[Opening Records for the task section]

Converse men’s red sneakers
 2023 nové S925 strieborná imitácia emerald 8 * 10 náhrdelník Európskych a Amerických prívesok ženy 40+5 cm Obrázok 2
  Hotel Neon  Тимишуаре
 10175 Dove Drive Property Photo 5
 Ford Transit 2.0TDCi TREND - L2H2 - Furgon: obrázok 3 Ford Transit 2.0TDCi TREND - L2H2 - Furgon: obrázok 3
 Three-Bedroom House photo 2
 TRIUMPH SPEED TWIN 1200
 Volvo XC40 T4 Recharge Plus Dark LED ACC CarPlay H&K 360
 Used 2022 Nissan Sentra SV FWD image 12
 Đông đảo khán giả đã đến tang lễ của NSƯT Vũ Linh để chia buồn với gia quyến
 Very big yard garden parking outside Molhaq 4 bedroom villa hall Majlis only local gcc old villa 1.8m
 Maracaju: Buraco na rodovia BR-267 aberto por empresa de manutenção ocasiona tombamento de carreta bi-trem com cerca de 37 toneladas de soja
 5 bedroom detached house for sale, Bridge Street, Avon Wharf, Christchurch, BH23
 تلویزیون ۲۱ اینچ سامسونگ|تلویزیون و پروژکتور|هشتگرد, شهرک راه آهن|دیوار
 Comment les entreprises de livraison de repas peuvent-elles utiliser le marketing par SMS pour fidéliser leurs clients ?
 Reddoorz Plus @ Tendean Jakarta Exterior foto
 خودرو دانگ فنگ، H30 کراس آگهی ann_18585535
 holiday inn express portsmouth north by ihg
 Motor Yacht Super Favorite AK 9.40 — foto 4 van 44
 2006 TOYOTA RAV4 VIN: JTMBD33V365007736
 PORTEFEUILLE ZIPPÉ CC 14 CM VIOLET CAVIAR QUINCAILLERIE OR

[Closing Records for the task section]

__Required work__: Give the material above again, word for word.

__Your response__:
Converse men’s red sneakers
 2023 nové S925 strieborná imitácia emerald 8 * 10 náhrdelník Európskych a Amerických prívesok ženy 40+5 cm Obrázok 2
  Hotel Neon  Тимишуаре
 10175 Dove Drive Property Photo 5
 Ford Transit 2.0TDCi TREND - L2H2 - Furgon: obrázok 3 Ford Transit 2.0TDCi TREND - L2H2 - Furgon: obrázok 3
 Three-Bedroom House photo 2
 TRIUMPH SPEED TWIN 1200
 Volvo XC40 T4 Recharge Plus Dark LED ACC CarPlay H&K 360
 Used 2022 Nissan Sentra SV FWD image 12
 Đông đảo khán giả đã đến tang lễ của NSƯT Vũ Linh để chia buồn với gia quyến
 Very big yard garden parking outside Molhaq 4 bedroom villa hall Majlis only local gcc old villa 1.8m
 Maracaju: Buraco na rodovia BR-267 aberto por empresa de manutenção ocasiona tombamento de carreta bi-trem com cerca de 37 toneladas de soja
 5 bedroom detached house for sale, Bridge Street, Avon Wharf, Christchurch, BH23
 تلویزیون ۲۱ اینچ سامسونگ|تلویزیون و پروژکتور|هشتگرد, شهرک راه آهن|دیوار
 Comment les entreprises de livraison de repas peuvent-elles utiliser le marketing par SMS pour fidéliser leurs clients ?
 Reddoorz Plus @ Tendean Jakarta Exterior foto
 خودرو دانگ فنگ، H30 کراس آگهی ann_18585535
 holiday inn express portsmouth north by ihg
 Motor Yacht Super Favorite AK 9.40 — foto 4 van 44
 2006 TOYOTA RAV4 VIN: JTMBD33V365007736
 PORTEFEUILLE ZIPPÉ CC 14 CM VIOLET CAVIAR QUINCAILLERIE OR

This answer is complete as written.